**Source material**
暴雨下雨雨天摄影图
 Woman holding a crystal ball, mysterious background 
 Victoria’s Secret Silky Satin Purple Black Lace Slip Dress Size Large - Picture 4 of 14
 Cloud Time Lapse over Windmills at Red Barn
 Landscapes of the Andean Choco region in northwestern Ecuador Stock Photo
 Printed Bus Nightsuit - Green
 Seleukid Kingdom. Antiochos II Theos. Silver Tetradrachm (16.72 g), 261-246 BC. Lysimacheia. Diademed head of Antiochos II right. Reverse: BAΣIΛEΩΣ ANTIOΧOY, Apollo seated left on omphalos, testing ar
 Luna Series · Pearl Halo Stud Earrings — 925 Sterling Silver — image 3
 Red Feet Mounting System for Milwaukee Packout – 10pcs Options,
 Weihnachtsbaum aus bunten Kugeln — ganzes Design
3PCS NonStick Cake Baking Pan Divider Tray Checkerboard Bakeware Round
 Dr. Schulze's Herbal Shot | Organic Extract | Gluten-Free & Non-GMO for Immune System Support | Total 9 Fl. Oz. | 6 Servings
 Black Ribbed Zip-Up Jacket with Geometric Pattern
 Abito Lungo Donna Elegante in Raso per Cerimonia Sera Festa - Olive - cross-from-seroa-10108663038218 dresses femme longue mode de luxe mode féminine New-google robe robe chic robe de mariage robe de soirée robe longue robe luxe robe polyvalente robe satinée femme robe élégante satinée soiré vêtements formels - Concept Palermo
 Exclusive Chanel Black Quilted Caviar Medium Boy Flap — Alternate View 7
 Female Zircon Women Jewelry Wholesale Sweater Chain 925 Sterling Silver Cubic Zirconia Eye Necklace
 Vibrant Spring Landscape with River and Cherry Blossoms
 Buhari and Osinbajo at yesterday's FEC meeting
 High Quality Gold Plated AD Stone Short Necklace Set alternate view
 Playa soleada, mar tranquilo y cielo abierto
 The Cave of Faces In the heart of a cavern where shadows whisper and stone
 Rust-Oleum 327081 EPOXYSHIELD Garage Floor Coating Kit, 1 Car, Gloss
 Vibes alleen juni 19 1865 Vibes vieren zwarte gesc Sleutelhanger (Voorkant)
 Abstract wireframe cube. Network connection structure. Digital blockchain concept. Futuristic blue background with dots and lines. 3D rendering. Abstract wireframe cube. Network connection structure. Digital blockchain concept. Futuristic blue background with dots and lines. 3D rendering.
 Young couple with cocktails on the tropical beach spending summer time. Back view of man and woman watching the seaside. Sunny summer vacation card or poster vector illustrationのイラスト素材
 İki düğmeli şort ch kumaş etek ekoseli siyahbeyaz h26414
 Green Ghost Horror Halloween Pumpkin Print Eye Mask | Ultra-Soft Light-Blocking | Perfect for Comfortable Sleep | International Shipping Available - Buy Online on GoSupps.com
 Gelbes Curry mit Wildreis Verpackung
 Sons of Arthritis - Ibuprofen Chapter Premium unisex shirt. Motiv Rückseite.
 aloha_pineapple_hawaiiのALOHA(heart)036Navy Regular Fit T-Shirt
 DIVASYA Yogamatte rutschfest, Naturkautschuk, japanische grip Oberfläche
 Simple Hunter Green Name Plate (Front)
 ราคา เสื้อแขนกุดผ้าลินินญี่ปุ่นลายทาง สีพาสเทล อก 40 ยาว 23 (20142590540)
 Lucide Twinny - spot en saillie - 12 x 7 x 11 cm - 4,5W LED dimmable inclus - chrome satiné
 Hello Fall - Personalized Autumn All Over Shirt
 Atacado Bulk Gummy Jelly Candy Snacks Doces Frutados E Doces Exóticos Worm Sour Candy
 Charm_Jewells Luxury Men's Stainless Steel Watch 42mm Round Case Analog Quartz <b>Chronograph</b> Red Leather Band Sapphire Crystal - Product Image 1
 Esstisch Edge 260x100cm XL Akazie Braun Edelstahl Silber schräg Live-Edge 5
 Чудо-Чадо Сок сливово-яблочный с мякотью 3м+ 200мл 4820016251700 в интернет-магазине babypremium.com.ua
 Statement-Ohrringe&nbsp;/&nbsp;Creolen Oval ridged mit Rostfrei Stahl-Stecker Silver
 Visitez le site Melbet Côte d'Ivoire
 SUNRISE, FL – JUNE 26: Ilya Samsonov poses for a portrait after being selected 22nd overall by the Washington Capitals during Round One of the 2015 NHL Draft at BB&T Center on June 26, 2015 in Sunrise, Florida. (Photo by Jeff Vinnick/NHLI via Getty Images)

**What the exercise asks**
Show all lines from the data above in which the word "Silver" appears.

**Result of the task**
 Seleukid Kingdom. Antiochos II Theos. Silver Tetradrachm (16.72 g), 261-246 BC. Lysimacheia. Diademed head of Antiochos II right. Reverse: BAΣIΛEΩΣ ANTIOΧOY, Apollo seated left on omphalos, testing ar
 Luna Series · Pearl Halo Stud Earrings — 925 Sterling Silver — image 3
 Female Zircon Women Jewelry Wholesale Sweater Chain 925 Sterling Silver Cubic Zirconia Eye Necklace
 Statement-Ohrringe&nbsp;/&nbsp;Creolen Oval ridged mit Rostfrei Stahl-Stecker Silver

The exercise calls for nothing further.